Her voice had become almost mysterious.
“To be seen? By whom? Is he on show in the town?”
“No–don’t laugh. It’s really important for his future. I must tell you something. He’s taken the modified pledge.”
Her look said, “There! what d’you think of that?”
“Modified!” said Dion, rather doubtfully.
“Never between meals–never.”
“At any rate that’s a step in the right direction.”
“Isn’t it? I took it with him.”
“The modified pledge?”
“Yes,” she said, with great seriousness.
“But you never—-! To help him, of course.”
“Yes.”
“And has it made a difference to the nose?”
“I think it’s made a considerable difference. But I want your opinion.”
“I’ll give it you for what it’s worth. But who’s going to see Mr. Thrush?”
“The Dean.
“The Dean! Why on earth?”
“Almost directly there’s going to be a vacancy among the vergers, and the Dean has promised me faithfully that if Mr. Thrush seems suitable he shall have the post.”
“Mr. Thrush a verger! Mr. Thrush carry a poker before a bishop!”
“Not a poker, only a white wand. I’ve been making him practise here in the garden, and he does it quite admirably already.”
She spoke now with almost defiant emphasis.
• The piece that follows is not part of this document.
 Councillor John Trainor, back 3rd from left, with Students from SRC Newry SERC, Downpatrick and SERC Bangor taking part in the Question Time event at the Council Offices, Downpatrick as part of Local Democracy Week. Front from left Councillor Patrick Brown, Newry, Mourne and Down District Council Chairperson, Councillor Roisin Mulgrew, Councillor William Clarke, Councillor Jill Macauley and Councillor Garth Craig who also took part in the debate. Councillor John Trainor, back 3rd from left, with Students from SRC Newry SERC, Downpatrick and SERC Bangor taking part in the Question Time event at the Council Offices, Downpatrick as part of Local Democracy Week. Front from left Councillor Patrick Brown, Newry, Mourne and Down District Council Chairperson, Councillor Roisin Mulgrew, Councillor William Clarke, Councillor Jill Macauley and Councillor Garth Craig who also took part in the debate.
Dion loved her for the defiance and for its deliciously absurd reason.
“The Dean is away, but he’s coming back to-morrow, so I begin to feel rather anxious. Of course, he’ll see at once that Mr. Thrush is an educated man. I’m not afraid about that. It’s only–well, the little failing. It would mean so much for Mr. Thrush to get the post. He’ll be provided for for life. I’ve set my heart on it.”
Annie came in.
“Oh, Annie, is it Mr. Thrush?”
“Yes, ma’am.”
“Please ask him to come in.”
With a very casual air, as of one doing a thing for no particular reason and almost without thought, she lowered the wick of the lamp which illuminated the room.
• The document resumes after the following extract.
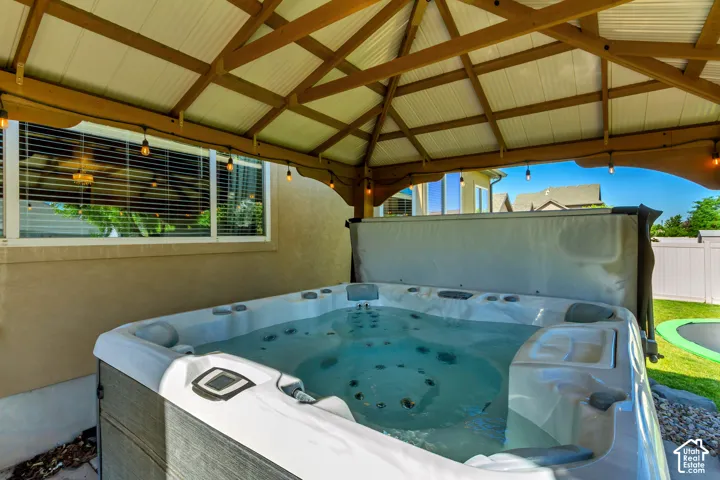 Covered outdoor spa with a wooden pergola and string lighting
“We don’t want it to flare,” she said, as she came away from it. “Oh, Mr. Thrush, here’s my husband back again!”
With a certain unostentatious dignity Mr. Thrush stepped into the room. He was most respectably dressed in a neat black suit, the coat of which looked rather like either a frock coat which was in course of diminishing gradually into what tailors call “a morning coat,” or a morning coat which was in course of expanding gently into a frock coat; a speckless collar with points appeared above a pair of dark worsted gloves, and a hat which resembled a square bowler half-way on the road to top hatdom.
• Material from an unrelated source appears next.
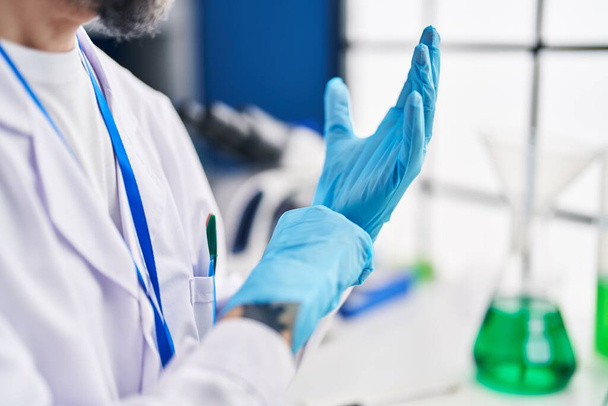 Fiatal kopasz tudós kesztyűt visel a laboratóriumban - Fotó, kép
Dion felt touched by his appearance and his gait, which seemed to hint at those rehearsals in the garden, and especially touched by the fact that he had bought a new hat.
“Welcome home, sir!” he said at once to Dion. “I’m sure the country is proud of you.”
He paid the compliment with so much sincerity that Dion did not feel embarrassed by it.
“Do sit down, Mr. Thrush,” said Rosamund, after hands had been cordially shaken. “No, not there!”–as he was about to sit full in the lamplight–“This chair will be more comfortable. Now I’ll leave you to have a little talk with my husband.”
With an inquiring look at Dion she went out of the room.
Before she came back Mr. Thrush had told Dion all his hopes and fears with regard to the Dean, and had dwelt on his overwhelming desire to become a verger. Quite unself-conscious in his simplicity he rose almost to dignity. He frankly confessed his “failing,” and alluded to the taking of the modified pledge.
“We took it together, sir, your kind lady and I, we both pledged ourselves never to touch a drop of liquor between meals whatever the occasion.”
“Quite right!” said Dion, with firmness, almost with bruskness.
“I’m glad you think so, sir. But a verger can’t be too careful. He’s held up as an example to the whole city by his position, walking so often in procession as he does before the eyes of all men. Even a chemist scarcely takes so much upon himself. In respect of the body he may, I’ll allow you,–for no verger has to do with prussic acid, iodine, cascara and all such-like,–but in respect of what I might all the uplifting of the soul not a doubt of it but that the verger comes far before any chemist. It’s a solemn thing to think of, and I hope, if so be as I’m elected, I shall be worthy of the position. I see Mr. Dean to-morrow, sir, at eleven o’clock. I trust I shall make a favorable impression. I lived just off Hanover Square for more years than some can remember, and that, I hope, with a Very Reverend will tell in my favor. None of them vergers here, though I’m sure they’re a splendid body of men,–any one who has seen them walking before his Lordship, the Bishop, the Canons and what not, as I did last Sunday morning, would say the same,–but none of the vergers here can say as much. I’ve made inquiry, but of course with all discretion. As to the duties, sir, I think I can fulfil them. The carrying of the wand I may say I am almost perfect in already. I’ve been at it in the garden with your kind good lady since I came. I found it a bit difficult at first, sir. There’s what you might call a knack to it, though from the congregation it looks simple enough. But there, what does a congregation know of the things a verger has to master any more than it does of what is required of a good chemist? Often and often when I was just off Hanover Square—-“
He was still flowing on with imperturbable volubility when Rosamund came back and sent another, more inquiring, glance to Dion.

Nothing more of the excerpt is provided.